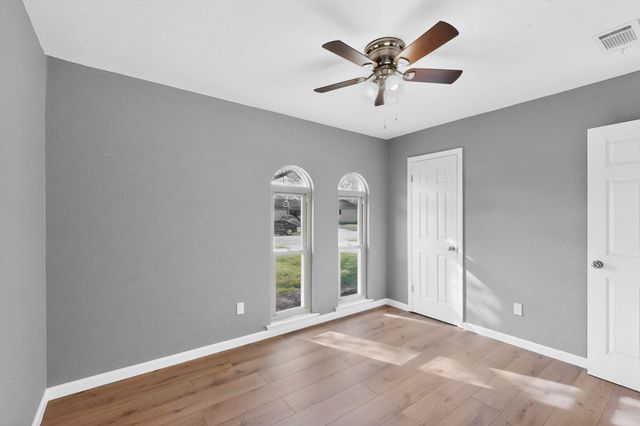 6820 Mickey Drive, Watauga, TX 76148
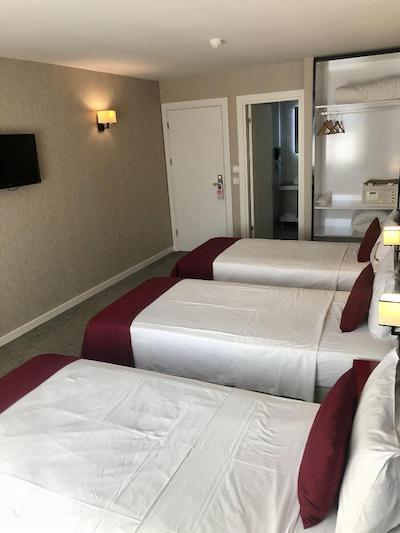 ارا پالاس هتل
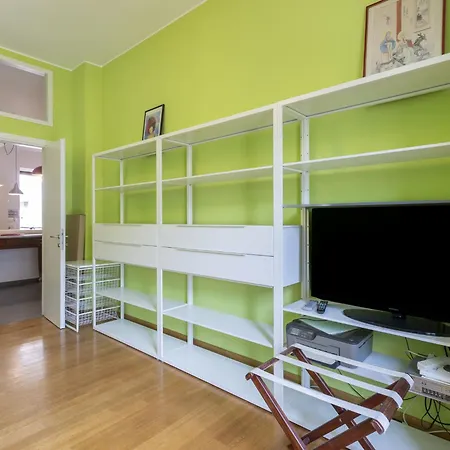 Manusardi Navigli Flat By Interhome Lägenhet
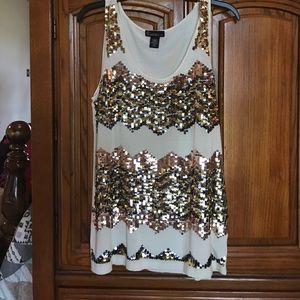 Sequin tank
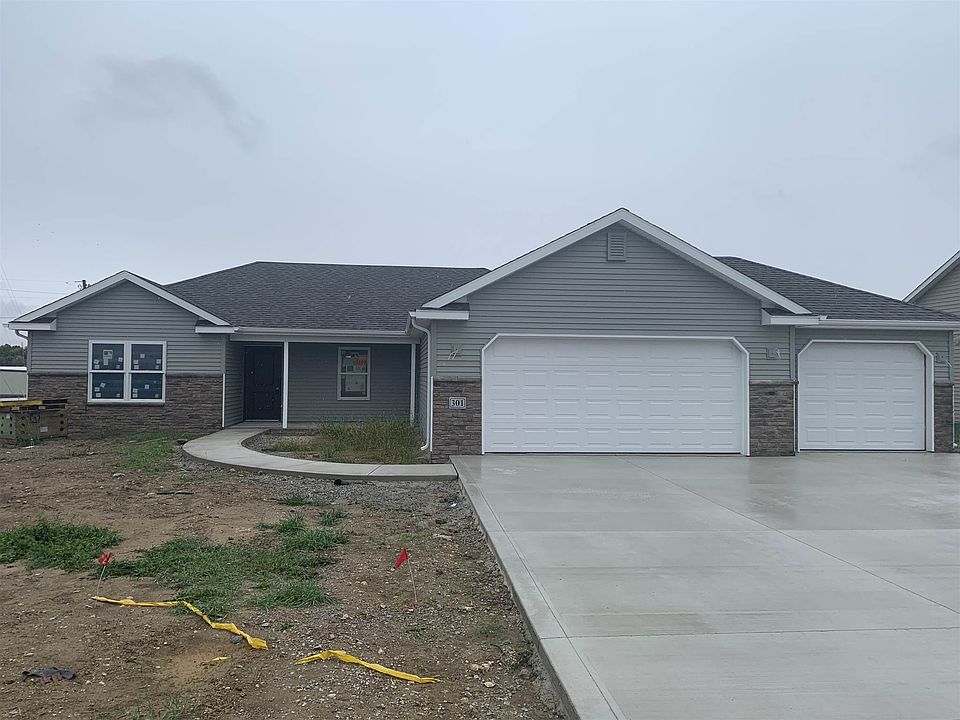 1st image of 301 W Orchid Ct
--*--
AIM OF THE TASK:
Exactly as they appear above, give the records again, without their pictures.

REPLY TO THE TASK:
 6820 Mickey Drive, Watauga, TX 76148
 ارا پالاس هتل
 Manusardi Navigli Flat By Interhome Lägenhet
 Sequin tank
 1st image of 301 W Orchid Ct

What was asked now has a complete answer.